━━━━━ GIVEN DATA
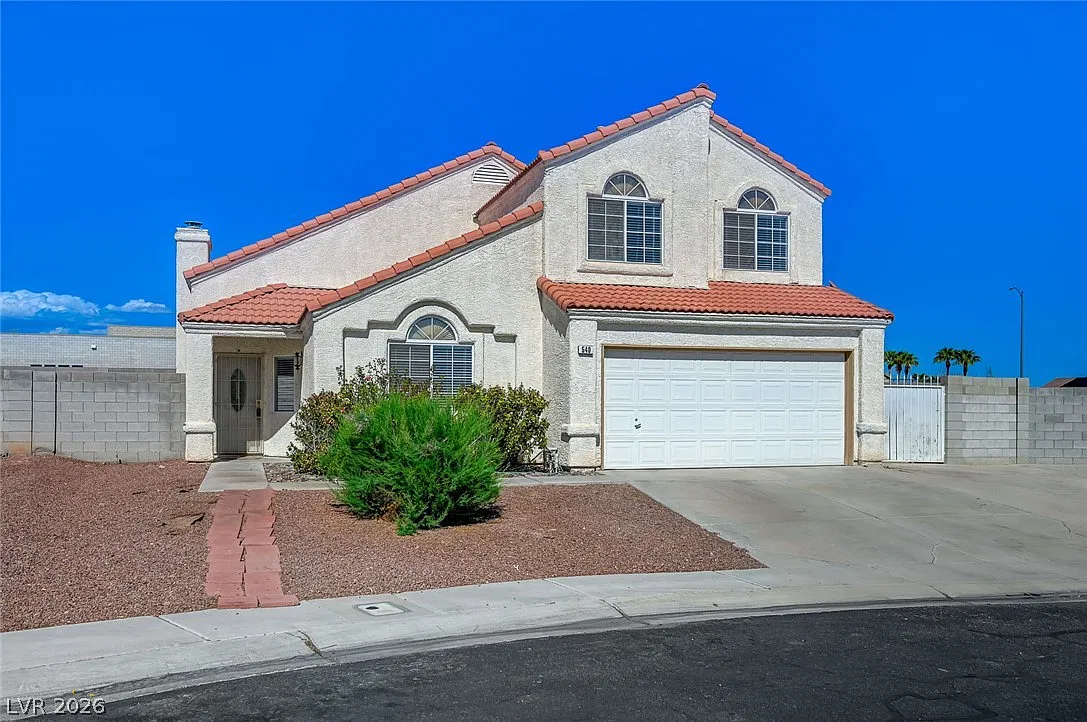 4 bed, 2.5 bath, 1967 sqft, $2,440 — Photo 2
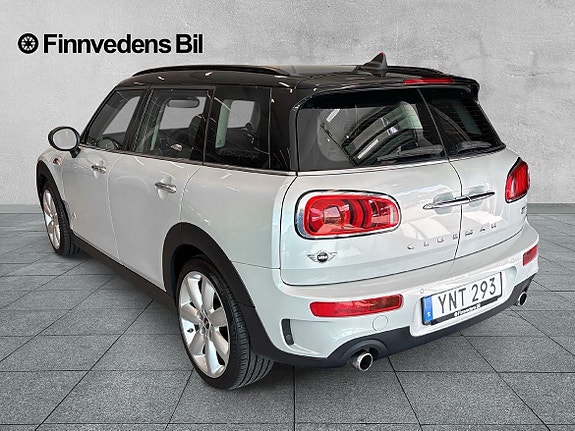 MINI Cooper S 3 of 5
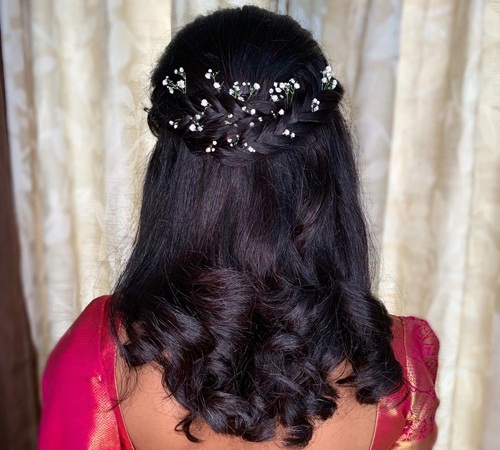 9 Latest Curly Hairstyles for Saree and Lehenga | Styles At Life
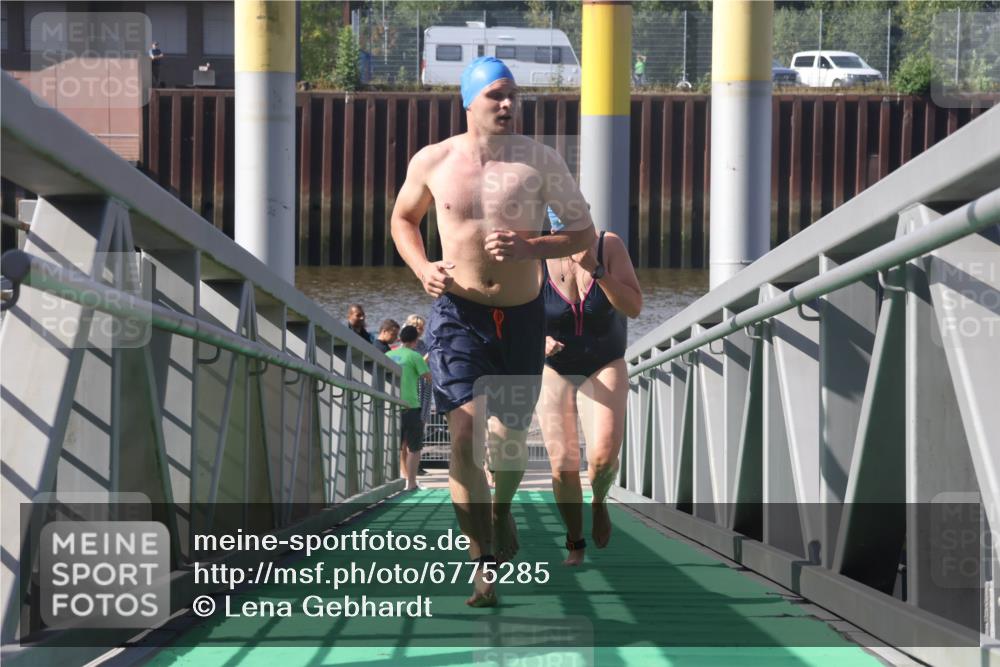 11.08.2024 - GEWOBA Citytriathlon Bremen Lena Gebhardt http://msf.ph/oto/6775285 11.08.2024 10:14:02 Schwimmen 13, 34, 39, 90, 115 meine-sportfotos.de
━━━━━━━━━━
## PROBLEM REQUIREMENTS
Copy out the material word for word, without any images.

## TASK RESULT
 4 bed, 2.5 bath, 1967 sqft, $2,440 — Photo 2
 MINI Cooper S 3 of 5
 9 Latest Curly Hairstyles for Saree and Lehenga | Styles At Life
 11.08.2024 - GEWOBA Citytriathlon Bremen Lena Gebhardt http://msf.ph/oto/6775285 11.08.2024 10:14:02 Schwimmen 13, 34, 39, 90, 115 meine-sportfotos.de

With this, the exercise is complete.